Mata Riki mengikuti gerakan tangan Noval, otot di lengannya menegang, urat-urat di lengan bawah menonjol.
"Masih bengkak," kata Noval.
"Nggak perlu tangan kiri," jawab Riki. Dia menarik tangannya perlahan, melepaskannya dari genggaman Noval. "Satu pukul tangan kanan cukup."
Noval menarik napas panjang. Udara masuk lambat, berhenti sebentar di dada, lalu keluar lebih lambat. "Jangan mati konyol."
Riki kembali menghadap karung pasir. Punggungnya lebar, diam, tidak bergerak.

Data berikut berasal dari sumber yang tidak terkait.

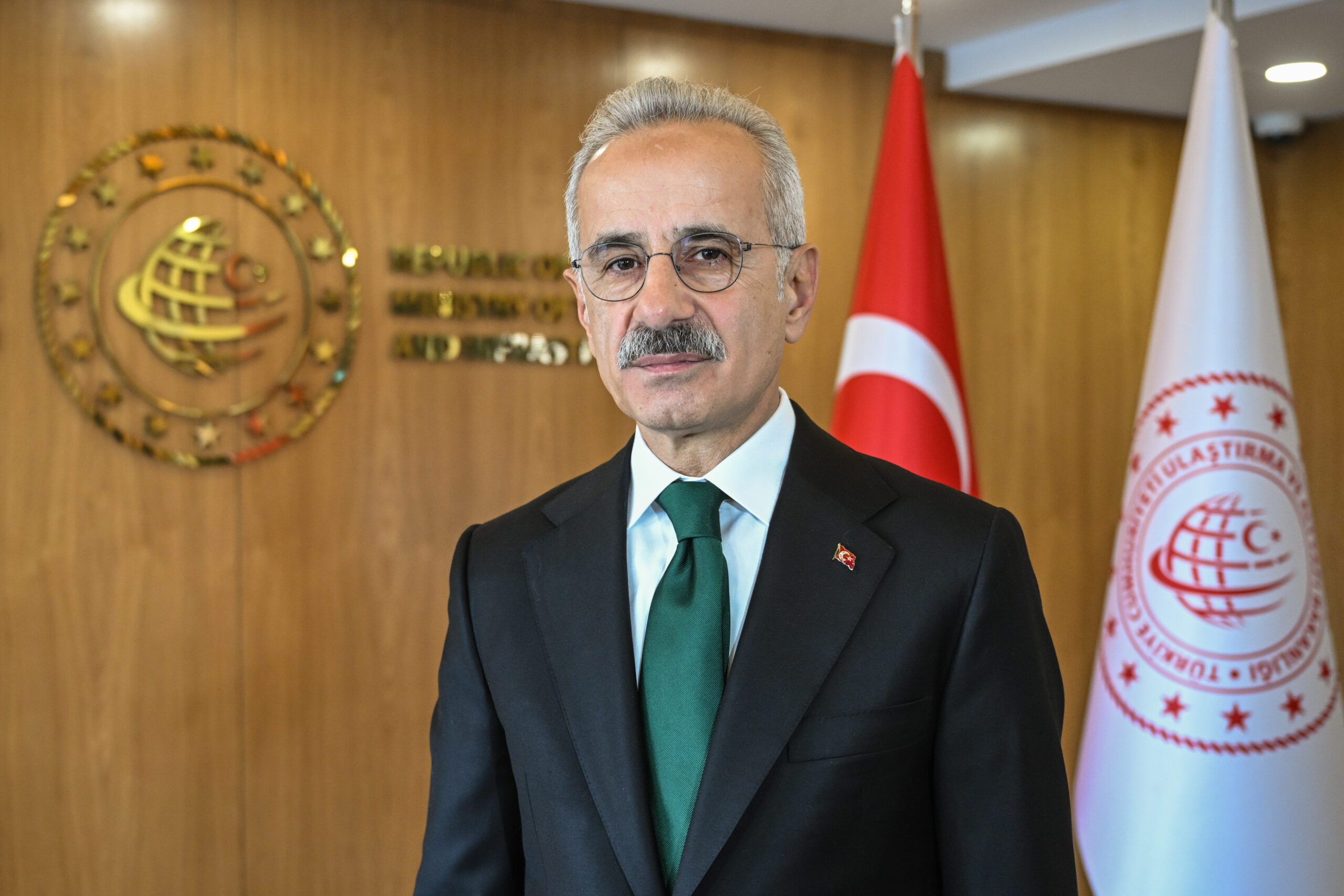 Savaş bölgesinden tahliyeler. Bakan Uraloğlu: Umman ile ek seferlerin sürmesi için mutabakata vardık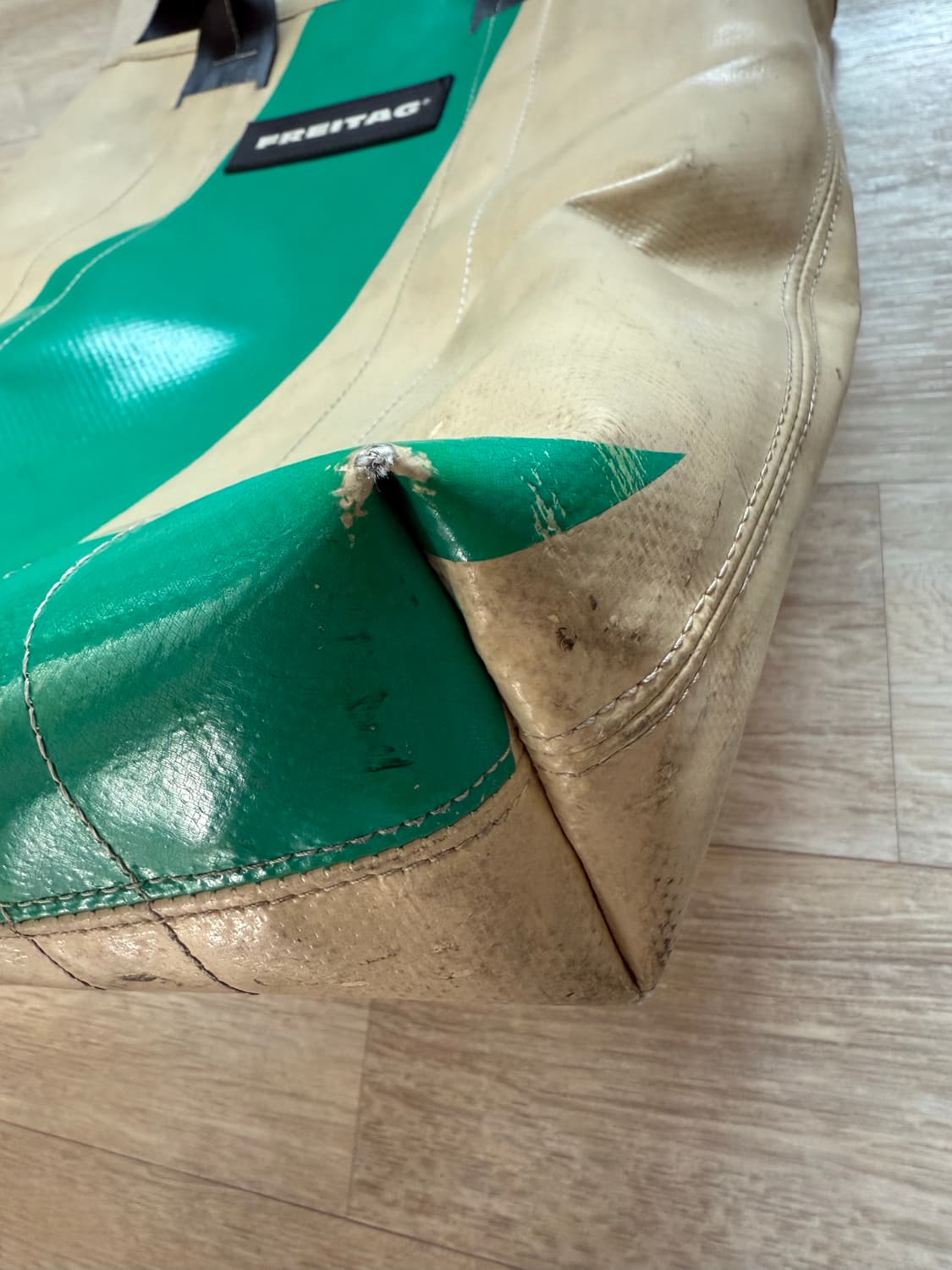 프라이탁 리랜드 베이지 상품이미지5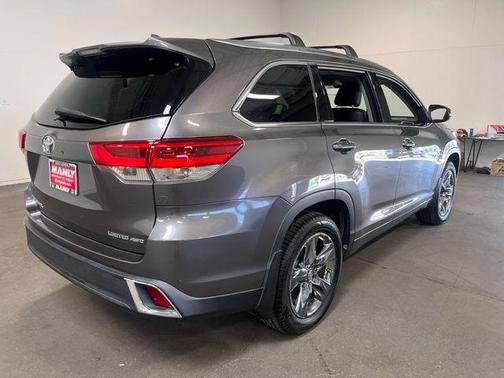 Gray 2017 Toyota Highlander Limited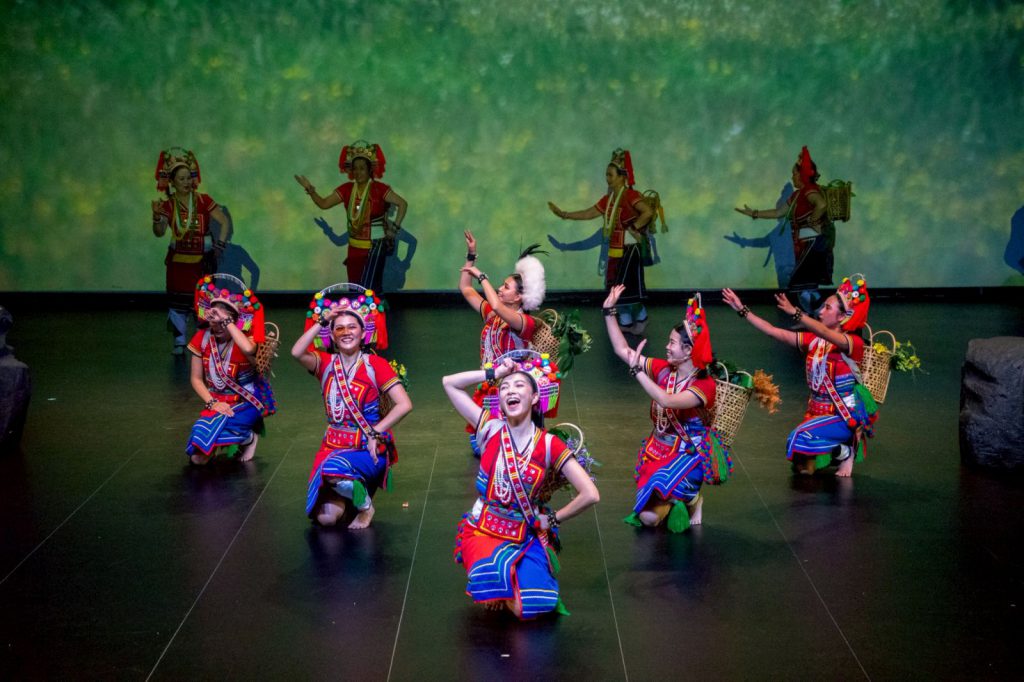 【「Kacelakan nu varu 繁花盛開・原藝綻放」花蓮登場 六族共演以樂舞述說山海生命史詩】插图1 【「Kacelakan nu varu 繁花盛開・原藝綻放」花蓮登場 六族共演以樂舞述說山海生命史詩】插图1
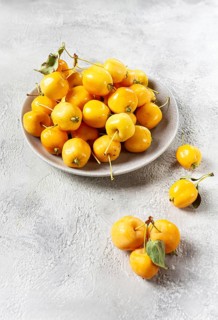 Yellow small apples, Chinese variety, on a gray plate, top view, no people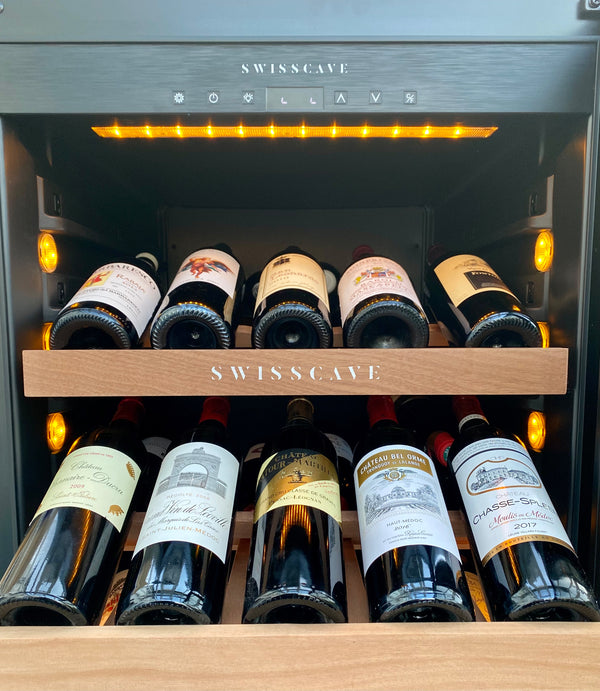 ArteVino Armoire à vin encastrable multi-températures - 52 bouteilles -  COSYPMT - 2 clayettes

Di luar, suara hujan mulai terdengar lebih jelas. Deras. Air dari talang yang bocor jatuh ke seng dengan bunyi yang tidak beraturan. Suara langkah sepatu bot terdengar di tangga kayu. Robi masuk dengan jaket kulit yang basah kuyup. Dia berdiri di sisi ring, tangannya masuk ke saku jaket.
"Lo udah siap?" Pandangan Robi menyapu tubuh Riki dari belakang.
Riki menarik perekat sarung tinjunya dengan gigi. Suara velcro robek terdengar kasar, lalu melemparkannya ke lantai. Sarung tangan itu mendarat di atas kanvas. Sarung tinju kanan menyusul perlahan.
"Lo udah urus jalurnya?" Riki menoleh ke Robi.
Robi mengangguk. "Lo harus menang dulu. Kalau kalah, pintu ke Richard nggak bakal kebuka."
Riki menurunkan kedua tangannya. "Richard tahu gue yang bakal datang?"
Robi mengeluarkan ponsel dari saku jaket, membuka satu pesan, lalu meletakkan di atas tiang sudut ring.
Riki menatap foto dirinya saat masih di rumah sakit. Foto itu diambil dari seberang jendela ruang perawatan. Matanya bergerak ke bawah, membaca pesan pendek di bawah foro.
Biarin dia masuk. Gue pengin lihat seberapa keras calon ayah itu bisa dipukul sebelum minta ampun.
"Gue daftarin lo pakai nama lain," Robi menatap memar di lengan kiri Riki. "Tapi belum sampai satu jam, pengelola ring kirim foto ini ke gue. Richard sudah tahu dari awal."
Noval bangkit dari kursinya. "Berarti ini jebakan."